> **Exercise materials**
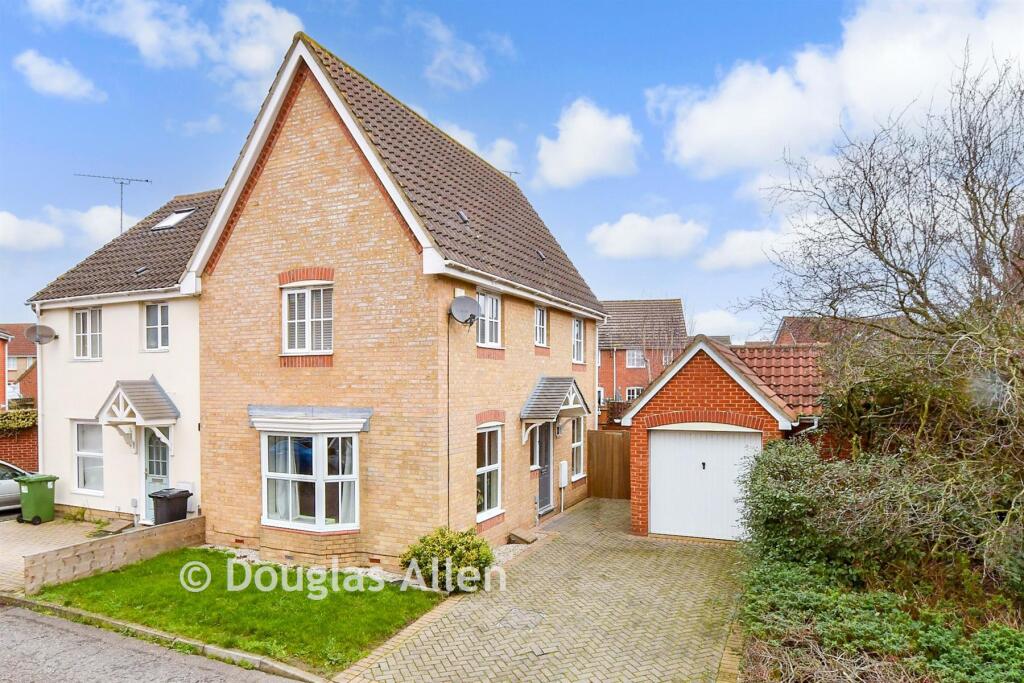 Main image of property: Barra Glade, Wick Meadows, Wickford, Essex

* * *

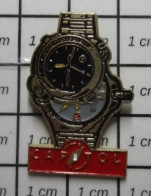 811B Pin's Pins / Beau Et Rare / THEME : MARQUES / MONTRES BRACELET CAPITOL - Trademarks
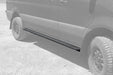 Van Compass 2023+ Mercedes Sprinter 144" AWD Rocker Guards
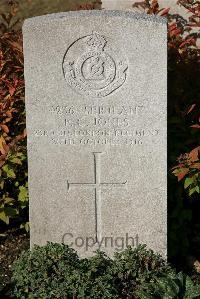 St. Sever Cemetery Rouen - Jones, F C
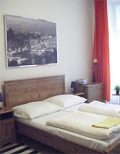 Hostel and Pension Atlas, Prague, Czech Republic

---

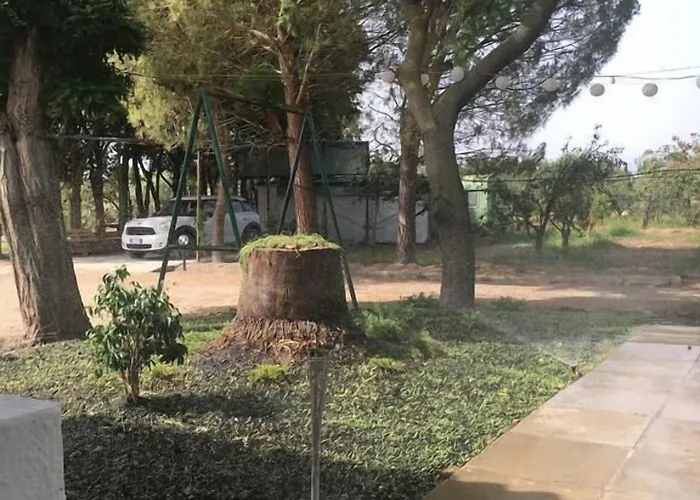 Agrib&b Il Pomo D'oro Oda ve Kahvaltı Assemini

> **Try it**
In the listing above, find the line with "St. Sever Cemetery Rouen - Jones, F C" and the line with "Hostel and Pension". Copy both of them and every line between, exactly, but not the pictures.

> **Answer area**
 St. Sever Cemetery Rouen - Jones, F C
 Hostel and Pension Atlas, Prague, Czech Republic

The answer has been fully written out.